Wild Animals in Circuses

The use of wild animals in travelling circuses is BANNED in Wales - with the ban coming into force from 1 December 2020, under the Wild Animals and Circuses (Wales) Act. This followed years of campaigning by the RSPCA.

A YouGov poll for RSPCA Cymru had found that 74 percent of the public in Wales supported a ban on wild animals performing in circuses in Wales*- while approximately 9,000 supporters penned an RSPCA petition presented to the Senedd's Petitions Committee in 2015.

Wales joined an estimated 45 countries, nations or states worldwide to ban or restrict the use of either all, or some wild animals in circuses.

Based on scientific evidence which clearly demonstrates that life within a travelling circus is likely to have harmful effects on an animal's welfare, the RSPCA had called for years for this practice to be banned. Regular transport, cramped housing, forced training and loud noises were sadly an unavoidable reality for wild animals based within a circus setting.

The RSPCA did believe - due to the impact on animal welfare and the suffering caused to wild animals being used in circuses - that a ban can be brought in under Section 12 of the Animal Welfare Act 2006, saving parliamentary time. However, the Welsh Government subsequently introduced the Wild Animals and Circuses (Wales) Bill on ethical grounds.
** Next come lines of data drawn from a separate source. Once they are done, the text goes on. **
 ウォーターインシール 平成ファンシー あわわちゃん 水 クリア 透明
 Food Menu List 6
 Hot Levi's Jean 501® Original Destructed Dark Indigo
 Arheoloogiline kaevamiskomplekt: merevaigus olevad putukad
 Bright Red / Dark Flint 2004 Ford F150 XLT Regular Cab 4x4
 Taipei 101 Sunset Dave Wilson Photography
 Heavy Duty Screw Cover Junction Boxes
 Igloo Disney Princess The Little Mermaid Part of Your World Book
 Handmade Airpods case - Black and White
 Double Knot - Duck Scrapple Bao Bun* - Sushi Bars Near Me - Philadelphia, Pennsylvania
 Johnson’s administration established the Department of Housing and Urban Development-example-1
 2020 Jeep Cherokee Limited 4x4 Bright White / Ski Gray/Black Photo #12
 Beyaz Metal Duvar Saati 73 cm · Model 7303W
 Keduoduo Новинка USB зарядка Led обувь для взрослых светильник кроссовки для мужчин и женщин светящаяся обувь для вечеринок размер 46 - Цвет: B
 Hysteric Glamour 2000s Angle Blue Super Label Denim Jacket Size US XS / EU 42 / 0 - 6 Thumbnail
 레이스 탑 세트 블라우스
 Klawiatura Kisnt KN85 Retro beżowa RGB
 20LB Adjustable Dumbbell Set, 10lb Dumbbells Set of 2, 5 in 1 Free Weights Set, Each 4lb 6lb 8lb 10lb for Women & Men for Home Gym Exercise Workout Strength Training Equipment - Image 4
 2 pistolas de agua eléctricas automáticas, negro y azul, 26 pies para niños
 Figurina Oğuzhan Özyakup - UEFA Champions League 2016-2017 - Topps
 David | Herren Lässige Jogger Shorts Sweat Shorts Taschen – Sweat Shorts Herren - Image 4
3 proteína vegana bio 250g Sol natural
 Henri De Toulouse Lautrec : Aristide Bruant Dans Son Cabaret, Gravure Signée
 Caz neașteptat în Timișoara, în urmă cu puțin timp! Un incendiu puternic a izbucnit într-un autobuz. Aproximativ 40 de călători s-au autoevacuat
After years of tireless campaigning, RSPCA Cymru warmly welcomed the Wild Animals and Circuses (Wales) Act 2020 coming into effect. However, we remain concerned that the legislation allows travelling circuses to still take wild animals on tour with them - just not use them for performance or training; meaning the welfare of captive wild animals may still be seriously compromised.
Indeed, the Climate Change, Environment and Rural Affairs Committee considered how, in the absence of a more complete ban than presently written into the Bill, the legislation may fail to meet the public's expectations. RSPCA Cymru support the legislation being kept under review - to ensure these loopholes are not unduly compromising welfare.